Dave · January 10, 2013 at 4:40 pm · Filed Under Mariners 

It has been pretty obvious that the Mariners were talking to the Diamondbacks about Justin Upton, as their hunt for a right fielder drags on. The Diamondbacks and Upton are headed towards a break-up; the only question is when, and where Upton lands as a result. If we assume that this report is true, then that means that the Mariners and Diamondbacks agreed on the pieces in a deal, because Upton wouldn’t have been asked to accept a trade that wasn’t agreed to. The D’Backs price for Upton is known to have been extremely high, which is why he isn’t a Texas Ranger right now, despite their pursuit of him all winter. The fact that the Mariners were able to make an offer that Arizona would accept is a pretty big first step.

The second step, of course, is getting Upton to agree to the deal. As of right now, that seems to be a problem, and I know a lot of people are going to say that Upton will never change his mind. Pitcher’s park, losing team, blah blah blah. Yes, you can convince yourself that the Mariners can never have nice things and the world is ending and life is terrible and Howard Lincoln is the devil and all the other things you guys like to believe. But I wouldn’t be too sure that Upton won’t end up in Seattle before all is said and done.

No-trade clauses are generally put in place for two specific reasons:

1. A player is committing to an organization for the long term and wants to put down roots, and the no-trade gives him the security of knowing that he’ll be able to play in the same city as long as he wants. Often, this is related to a player choosing a team for geographic locations. Carlos Lee, for instance, used his no-trade to stay with a dreadful Astros team for years because he has a ranch in Texas and didn’t want to leave. These are usually blanket no-trade clauses, and are given to a select few players.

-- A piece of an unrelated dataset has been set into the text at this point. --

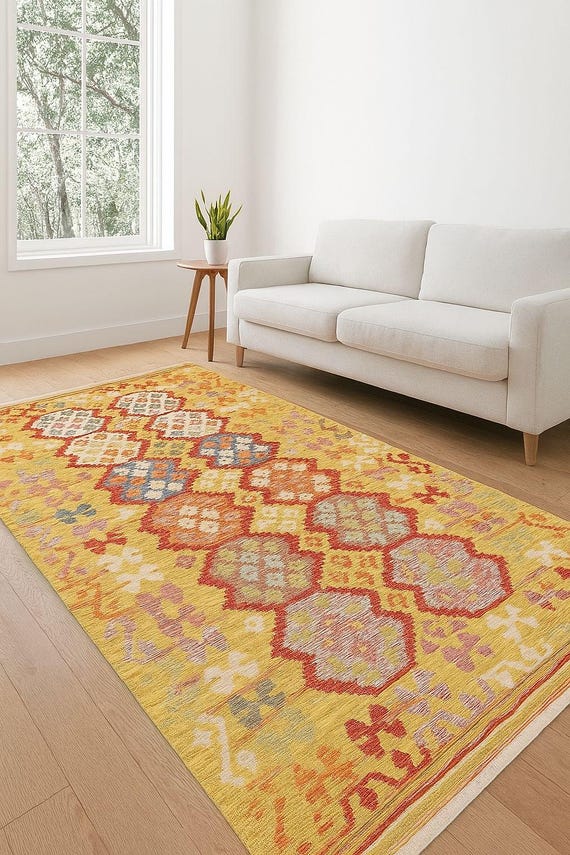 リバーシブルキリムラグ：鮮やかな幾何学模様のボヘミアンカーペット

2. A player’s agent negotiates a limited no-trade clause, with the player being able to select a handful of teams that they don’t wish to be traded to. These lists can usually be changed each off-season, and they generally are adjusted for leverage purposes. Agents stay on top of the rumor mill, and they figure out where the most likely destinations are for their client if he is going to be traded, then choose those organizations as the teams to block, giving them the most amount of leverage possible. Despite what you might suspect, players generally don’t just choose “bad” teams that they don’t want to play for, because bad teams are often rebuilding and are unlikely to trade for high priced talent to begin with. The goal isn’t to be able to block a trade, since that’s not possible to begin with, but to have as much say in the process as possible.

Clearly, situation #1 doesn’t apply here. Upton isn’t staying in Arizona long term, and there’s no desire on his part to stay in Phoenix for the long term. Given how often they’ve tried to trade him, you can imagine that he’d be thrilled to get a fresh start somewhere else. Upton is a classic example of no-trade situation #2. The fact that the Mariners are on his no-trade list is not proof that he has no interest in playing for Seattle – it’s proof that his agent realized that the Mariners were one of the most likely teams interested in trading for him.

Want proof? Here’s an article from July detailing the four teams that were on Upton’s no-trade list for the 2012 season: the Yankees, Red Sox, Indians, and Cubs. Clearly, he’s not just picking long time losers, nor is he eliminating teams that play in pitcher friendly ballparks. It’s a leverage strategy.

So, if the Mariners want to continue pursuing Upton, they have to decide how much more they want to give up to get him. They’ve already settled on the players going to Arizona – now the question is how much cash will change Upton’s mind. That could be in the form of a contract extension, but for a player in Upton’s situation, he might not want to sign a long term commitment before getting a chance to play in his new home, especially since he’s on track to hit free agency after his age 27 season. Instead of an extension, perhaps the Mariners best bait is to either shorten the commitment, or to give him a player option.

Right now, Upton is under contract for the next three years, with guaranteed salaries of $9.75 million in 2013, $14.25 million in 2014, and $14.5 million in 2015. The team could potentially offer him a player option for 2016 — likely valued in that same $15 million range — or offer to convert the 2015 portion of his guaranteed years into a player option, allowing him to opt out and become a free agent a year early if he’s not enjoying his time in Seattle. By making that kind of concession, the Mariners would essentially be giving him his choice of an extra $15ish million in guaranteed money, or by giving him the chance to pick his next destination earlier than he would if he went somewhere else.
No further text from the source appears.